A brief overview of these datasets is as follows. For more detailed information see arxiv:2047.20127.

train_nominal - 92,820,427 jets, equal parts signal and background
test_nominal - 10,306,813 jets, equal parts signal and background
esup - 10,032,472 jets with the cluster energy scale up systematic variation active, equal parts signal and background
esdown - 10,032,472 jets with the cluster energy scale down systematic variation active, equal parts signal and background
cer - 10,040,653 jets with the cluster energy resolution systematic variation active, equal parts signal and background
cpos - 10,032,472 jets with the cluster energy position systematic variation active, equal parts signal and background
teg - 7,421,204 jets with the track efficiency global systematic variation active, 30% signal jets
tej - 7,017,046 jets with the track efficiency in jets systematic variation active, 32% signal jets
tfl - 5,907,310 jets with the track fake rate loose systematic variation active, 18% signal jets
tfj - 6,977,371 jets with the track fake rate in jets systematic variation active, 32% signal jets
bias - 10,011,330 jets with the track bias systematic variation active, 52% signal jets
ttbar_pythia - 193,792 jets from Pythia simulated events containing Standard Model top-anti top quark pair production, all signal jets
ttbar_herwig - 180,811 jets from Herwig simulated events containing Standard Model top-anti top quark pair production, all signal jets
cluster - 5,000,004 jets simulated using the Sherpa cluster based hadronization model, all background jets
string - 5,000,001 jets simulated using the Lund string based hadronization model, all background jets
angular - 4,900,000 jets simulated using the Herwig angular ordered parton shower model, all background jets
dipole - 4,900,000 jets simulated using the Herwig dipole parton shower model, all background jets

For each jet, the datasets contain:

The four vectors of constituent particles
15 high level summary quantities evaluated on the jet
The four vector of the whole jet
A training weight (nominal only)
PYTHIA shower weights (nominal only)
A signal (1) vs background (0) label

There are two rules for using this data set: the contribution to a loss function from any jet should always be weighted by the training weight, and any performance claim is incomplete without an estimate of the systematic uncertainties via the method illustrated in this repository. The ideal model shows high performance but also small systematic uncertainties.

Dataset characteristics

205774178 events. 2020 files. 170.3 GiB in total.

External links

ATLAS paper arxiv:2047.20127

How can you use these data?

This dataset supersedes an earlier data release which did not include data for estimating systematic uncertainties.

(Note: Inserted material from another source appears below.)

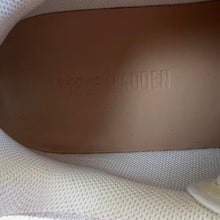 Load image into Gallery viewer, Steve Madden momentum sneakers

A detailed explanation of this dataset, with examples demonstrating how to train a tagger and assess systematic uncertainties, is provided in the this repository.

If this dataset is used in a publication, please cite this dataset record along with the accompanying paper arxiv:2047.20127.

Files and indexes

Disclaimer

These open data are released under the Creative Commons Zero v1.0 Universal license.

Neither the experiment(s) ( ATLAS ) nor CERN endorse any works, scientific or otherwise, produced using these data.

This release has a unique DOI that you are requested to cite in any applications or publications.